> **EXERCISE OBJECTIVE**
Only lines containing the word "Photo" belong in the answer; copy each one from the records.

> **SOURCE MATERIAL**
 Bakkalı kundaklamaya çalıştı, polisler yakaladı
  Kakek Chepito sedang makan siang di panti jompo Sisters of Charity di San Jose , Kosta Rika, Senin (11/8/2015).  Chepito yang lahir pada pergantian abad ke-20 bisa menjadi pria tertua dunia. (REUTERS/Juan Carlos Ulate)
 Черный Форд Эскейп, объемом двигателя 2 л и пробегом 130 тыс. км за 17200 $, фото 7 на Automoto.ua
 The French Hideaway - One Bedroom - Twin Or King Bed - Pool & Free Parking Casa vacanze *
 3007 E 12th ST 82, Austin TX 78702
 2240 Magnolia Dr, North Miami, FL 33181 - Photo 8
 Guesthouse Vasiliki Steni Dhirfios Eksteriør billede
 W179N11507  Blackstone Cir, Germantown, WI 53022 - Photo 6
==
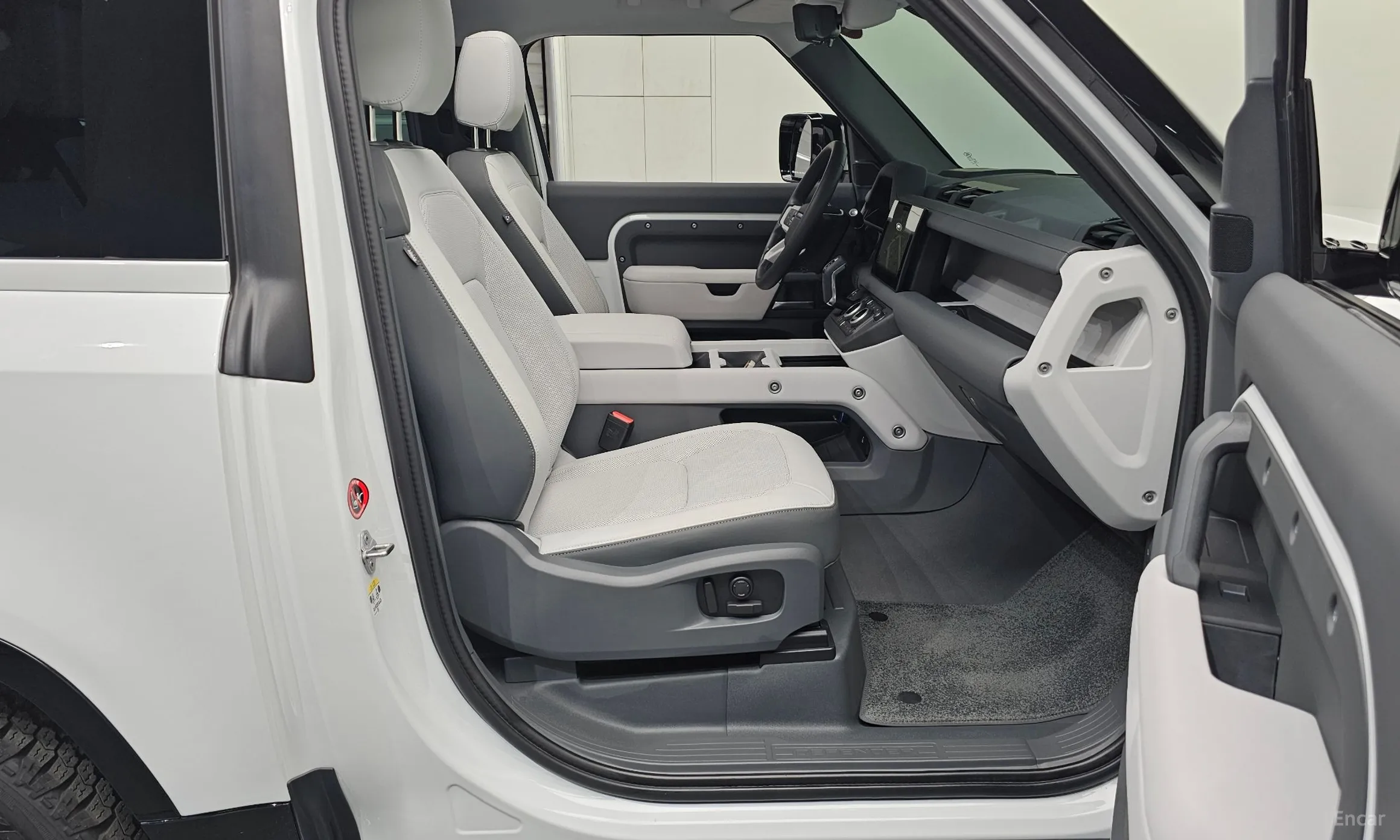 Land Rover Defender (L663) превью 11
* * *
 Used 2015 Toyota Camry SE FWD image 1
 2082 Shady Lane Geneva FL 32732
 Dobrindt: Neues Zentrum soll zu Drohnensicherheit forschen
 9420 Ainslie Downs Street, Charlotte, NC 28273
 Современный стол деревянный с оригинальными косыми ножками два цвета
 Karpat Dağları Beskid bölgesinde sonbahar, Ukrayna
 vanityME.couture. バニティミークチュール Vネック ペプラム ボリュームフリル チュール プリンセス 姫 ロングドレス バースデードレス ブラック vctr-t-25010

> **TASK OUTPUT**
 2240 Magnolia Dr, North Miami, FL 33181 - Photo 8
 W179N11507  Blackstone Cir, Germantown, WI 53022 - Photo 6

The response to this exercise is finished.